**Task goal**
Line count for the string "Double": give the number of lines in the data below that contain it, and nothing more.

──────

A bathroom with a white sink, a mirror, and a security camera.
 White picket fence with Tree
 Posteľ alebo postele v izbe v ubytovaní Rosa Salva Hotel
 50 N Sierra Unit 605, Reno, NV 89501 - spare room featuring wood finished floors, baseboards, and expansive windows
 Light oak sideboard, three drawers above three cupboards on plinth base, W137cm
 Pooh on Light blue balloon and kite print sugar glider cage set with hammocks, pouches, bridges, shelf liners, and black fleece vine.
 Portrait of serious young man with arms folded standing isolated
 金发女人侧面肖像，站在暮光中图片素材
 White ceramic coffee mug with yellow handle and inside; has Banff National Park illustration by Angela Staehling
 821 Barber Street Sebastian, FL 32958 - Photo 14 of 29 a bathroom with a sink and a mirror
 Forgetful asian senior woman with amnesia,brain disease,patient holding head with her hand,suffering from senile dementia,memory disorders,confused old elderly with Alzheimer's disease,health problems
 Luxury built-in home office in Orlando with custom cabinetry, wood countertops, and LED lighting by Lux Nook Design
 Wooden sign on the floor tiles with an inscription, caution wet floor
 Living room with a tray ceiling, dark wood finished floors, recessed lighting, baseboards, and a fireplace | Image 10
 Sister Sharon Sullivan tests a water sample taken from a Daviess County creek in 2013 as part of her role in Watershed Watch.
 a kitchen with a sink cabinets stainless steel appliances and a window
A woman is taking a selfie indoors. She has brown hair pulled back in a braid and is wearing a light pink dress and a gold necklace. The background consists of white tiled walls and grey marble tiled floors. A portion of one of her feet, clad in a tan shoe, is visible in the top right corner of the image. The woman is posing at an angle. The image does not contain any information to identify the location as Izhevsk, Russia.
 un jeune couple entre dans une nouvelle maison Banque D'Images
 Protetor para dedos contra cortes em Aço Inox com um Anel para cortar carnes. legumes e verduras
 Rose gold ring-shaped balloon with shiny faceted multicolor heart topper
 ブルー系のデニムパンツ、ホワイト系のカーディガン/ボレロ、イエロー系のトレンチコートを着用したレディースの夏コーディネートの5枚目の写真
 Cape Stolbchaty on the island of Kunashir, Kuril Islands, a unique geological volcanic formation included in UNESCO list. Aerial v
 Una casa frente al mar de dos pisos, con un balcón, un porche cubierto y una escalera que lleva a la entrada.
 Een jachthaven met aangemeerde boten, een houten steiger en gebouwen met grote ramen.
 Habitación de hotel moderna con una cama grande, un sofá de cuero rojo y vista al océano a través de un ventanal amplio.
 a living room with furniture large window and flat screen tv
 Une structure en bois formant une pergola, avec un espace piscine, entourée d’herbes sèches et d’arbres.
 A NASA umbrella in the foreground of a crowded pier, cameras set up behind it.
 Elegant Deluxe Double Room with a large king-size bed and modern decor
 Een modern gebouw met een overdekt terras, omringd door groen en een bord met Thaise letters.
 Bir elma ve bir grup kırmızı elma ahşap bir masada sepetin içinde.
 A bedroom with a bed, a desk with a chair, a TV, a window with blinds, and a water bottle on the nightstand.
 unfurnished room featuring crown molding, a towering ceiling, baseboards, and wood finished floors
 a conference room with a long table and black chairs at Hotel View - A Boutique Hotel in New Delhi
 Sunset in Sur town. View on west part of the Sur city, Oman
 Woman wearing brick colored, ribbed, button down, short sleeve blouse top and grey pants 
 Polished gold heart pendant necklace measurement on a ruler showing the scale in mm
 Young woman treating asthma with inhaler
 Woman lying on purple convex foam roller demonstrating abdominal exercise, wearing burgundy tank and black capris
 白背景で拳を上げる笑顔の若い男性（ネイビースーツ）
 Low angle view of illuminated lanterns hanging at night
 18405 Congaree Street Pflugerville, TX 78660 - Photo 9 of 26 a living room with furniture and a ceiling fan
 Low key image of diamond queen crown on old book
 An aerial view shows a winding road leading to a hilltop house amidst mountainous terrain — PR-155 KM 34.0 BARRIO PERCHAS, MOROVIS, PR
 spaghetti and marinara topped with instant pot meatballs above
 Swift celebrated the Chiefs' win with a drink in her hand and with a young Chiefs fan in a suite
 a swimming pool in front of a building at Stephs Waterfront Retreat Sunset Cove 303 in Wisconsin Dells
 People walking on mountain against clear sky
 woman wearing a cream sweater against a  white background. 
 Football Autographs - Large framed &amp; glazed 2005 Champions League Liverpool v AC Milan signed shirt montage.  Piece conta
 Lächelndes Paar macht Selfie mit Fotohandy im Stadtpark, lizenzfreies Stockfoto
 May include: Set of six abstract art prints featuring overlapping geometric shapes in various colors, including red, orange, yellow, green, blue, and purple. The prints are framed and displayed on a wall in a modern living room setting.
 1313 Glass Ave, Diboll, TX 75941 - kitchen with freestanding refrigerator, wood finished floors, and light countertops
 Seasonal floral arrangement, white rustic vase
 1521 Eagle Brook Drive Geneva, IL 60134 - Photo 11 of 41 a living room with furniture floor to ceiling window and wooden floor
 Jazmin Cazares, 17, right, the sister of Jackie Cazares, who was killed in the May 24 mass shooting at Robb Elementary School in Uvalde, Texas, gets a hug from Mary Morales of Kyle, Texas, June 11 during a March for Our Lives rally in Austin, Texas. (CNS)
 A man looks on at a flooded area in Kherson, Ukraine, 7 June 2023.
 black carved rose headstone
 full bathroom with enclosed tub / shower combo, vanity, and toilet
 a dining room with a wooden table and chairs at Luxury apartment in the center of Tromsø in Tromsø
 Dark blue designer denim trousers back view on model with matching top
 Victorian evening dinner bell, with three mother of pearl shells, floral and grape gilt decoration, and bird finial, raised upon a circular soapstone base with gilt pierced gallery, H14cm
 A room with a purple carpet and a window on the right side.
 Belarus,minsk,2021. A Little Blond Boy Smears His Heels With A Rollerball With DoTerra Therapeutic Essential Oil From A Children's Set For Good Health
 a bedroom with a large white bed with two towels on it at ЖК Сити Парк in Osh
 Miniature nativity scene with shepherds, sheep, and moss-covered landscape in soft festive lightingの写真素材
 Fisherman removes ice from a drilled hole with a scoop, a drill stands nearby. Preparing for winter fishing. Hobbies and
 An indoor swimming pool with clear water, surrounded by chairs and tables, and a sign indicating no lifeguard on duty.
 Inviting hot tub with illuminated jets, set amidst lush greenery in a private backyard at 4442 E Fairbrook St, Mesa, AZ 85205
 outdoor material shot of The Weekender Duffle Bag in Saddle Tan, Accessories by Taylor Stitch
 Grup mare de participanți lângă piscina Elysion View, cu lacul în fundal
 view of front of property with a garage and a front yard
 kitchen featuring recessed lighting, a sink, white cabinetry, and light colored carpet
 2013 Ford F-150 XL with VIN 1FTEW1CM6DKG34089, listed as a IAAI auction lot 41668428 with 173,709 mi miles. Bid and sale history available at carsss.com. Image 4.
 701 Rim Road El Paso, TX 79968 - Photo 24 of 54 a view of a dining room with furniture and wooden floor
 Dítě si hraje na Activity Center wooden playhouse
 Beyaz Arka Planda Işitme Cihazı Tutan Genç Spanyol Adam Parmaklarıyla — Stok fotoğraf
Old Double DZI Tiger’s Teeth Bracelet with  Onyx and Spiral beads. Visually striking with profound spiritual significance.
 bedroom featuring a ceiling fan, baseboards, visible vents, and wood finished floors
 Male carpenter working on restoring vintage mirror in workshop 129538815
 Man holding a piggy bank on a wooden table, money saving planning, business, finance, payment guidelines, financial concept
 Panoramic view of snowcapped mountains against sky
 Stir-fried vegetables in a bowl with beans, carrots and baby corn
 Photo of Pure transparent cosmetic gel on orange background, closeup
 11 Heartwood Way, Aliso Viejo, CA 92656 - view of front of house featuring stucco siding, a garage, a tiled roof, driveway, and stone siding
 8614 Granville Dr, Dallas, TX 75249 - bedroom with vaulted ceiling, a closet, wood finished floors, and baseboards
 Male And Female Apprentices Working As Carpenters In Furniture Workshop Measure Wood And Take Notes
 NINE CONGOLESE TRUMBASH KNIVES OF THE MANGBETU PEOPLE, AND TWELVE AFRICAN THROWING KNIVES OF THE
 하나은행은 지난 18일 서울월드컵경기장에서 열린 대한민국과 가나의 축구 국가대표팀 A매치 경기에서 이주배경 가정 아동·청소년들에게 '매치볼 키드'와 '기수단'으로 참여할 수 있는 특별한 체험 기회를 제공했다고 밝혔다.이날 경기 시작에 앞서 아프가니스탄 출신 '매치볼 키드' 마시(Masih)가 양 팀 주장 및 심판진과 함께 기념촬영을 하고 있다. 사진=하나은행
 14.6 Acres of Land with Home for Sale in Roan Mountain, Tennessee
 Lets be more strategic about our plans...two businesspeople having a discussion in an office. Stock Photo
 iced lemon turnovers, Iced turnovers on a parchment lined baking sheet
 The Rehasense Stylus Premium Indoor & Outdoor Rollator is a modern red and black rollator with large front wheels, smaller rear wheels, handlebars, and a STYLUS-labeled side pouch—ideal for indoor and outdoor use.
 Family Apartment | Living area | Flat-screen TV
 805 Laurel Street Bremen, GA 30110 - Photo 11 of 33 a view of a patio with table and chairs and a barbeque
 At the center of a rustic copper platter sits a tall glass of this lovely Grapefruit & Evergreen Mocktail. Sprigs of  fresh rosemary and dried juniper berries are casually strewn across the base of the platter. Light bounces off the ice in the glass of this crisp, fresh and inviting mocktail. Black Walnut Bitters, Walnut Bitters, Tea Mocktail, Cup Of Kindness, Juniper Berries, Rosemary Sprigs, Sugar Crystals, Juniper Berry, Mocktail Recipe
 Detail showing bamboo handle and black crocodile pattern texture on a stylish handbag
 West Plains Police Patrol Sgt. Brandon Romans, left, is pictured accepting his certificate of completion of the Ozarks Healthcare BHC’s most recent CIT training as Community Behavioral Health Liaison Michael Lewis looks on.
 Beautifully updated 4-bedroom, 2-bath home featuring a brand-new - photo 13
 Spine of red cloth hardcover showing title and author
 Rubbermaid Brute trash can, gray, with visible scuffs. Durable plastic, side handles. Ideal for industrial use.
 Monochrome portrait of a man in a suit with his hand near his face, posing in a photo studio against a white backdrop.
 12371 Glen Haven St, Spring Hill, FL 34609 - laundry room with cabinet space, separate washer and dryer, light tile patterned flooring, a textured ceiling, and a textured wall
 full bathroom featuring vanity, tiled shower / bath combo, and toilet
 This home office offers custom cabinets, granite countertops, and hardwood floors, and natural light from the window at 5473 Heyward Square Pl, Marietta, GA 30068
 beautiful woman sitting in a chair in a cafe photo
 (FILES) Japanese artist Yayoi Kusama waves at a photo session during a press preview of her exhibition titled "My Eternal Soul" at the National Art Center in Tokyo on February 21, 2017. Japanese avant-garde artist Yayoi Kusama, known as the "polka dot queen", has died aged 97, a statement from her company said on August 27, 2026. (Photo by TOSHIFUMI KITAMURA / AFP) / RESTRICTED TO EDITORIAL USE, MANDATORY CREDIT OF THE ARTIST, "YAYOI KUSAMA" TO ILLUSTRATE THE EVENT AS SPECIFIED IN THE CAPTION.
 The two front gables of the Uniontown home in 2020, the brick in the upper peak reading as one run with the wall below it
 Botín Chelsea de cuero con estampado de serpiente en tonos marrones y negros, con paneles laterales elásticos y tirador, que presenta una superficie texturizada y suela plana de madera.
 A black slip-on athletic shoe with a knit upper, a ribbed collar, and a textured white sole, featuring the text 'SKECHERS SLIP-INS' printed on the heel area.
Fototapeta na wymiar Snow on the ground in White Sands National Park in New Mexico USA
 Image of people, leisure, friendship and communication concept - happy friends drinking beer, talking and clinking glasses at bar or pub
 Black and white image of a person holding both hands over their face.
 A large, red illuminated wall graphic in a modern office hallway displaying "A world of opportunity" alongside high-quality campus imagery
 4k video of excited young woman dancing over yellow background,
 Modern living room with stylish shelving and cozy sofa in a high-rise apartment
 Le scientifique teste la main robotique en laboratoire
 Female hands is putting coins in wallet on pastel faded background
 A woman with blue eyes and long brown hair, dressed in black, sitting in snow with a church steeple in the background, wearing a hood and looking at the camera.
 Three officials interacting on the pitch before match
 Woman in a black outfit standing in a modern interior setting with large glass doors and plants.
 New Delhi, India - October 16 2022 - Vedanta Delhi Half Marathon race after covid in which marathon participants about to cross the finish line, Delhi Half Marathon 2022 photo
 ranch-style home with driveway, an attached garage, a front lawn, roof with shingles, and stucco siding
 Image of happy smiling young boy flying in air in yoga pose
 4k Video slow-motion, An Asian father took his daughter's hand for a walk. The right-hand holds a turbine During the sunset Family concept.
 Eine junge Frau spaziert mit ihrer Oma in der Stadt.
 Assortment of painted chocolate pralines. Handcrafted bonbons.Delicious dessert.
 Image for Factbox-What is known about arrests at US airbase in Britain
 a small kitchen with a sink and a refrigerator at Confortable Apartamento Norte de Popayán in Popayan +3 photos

──────

**Reply to the exercise**
2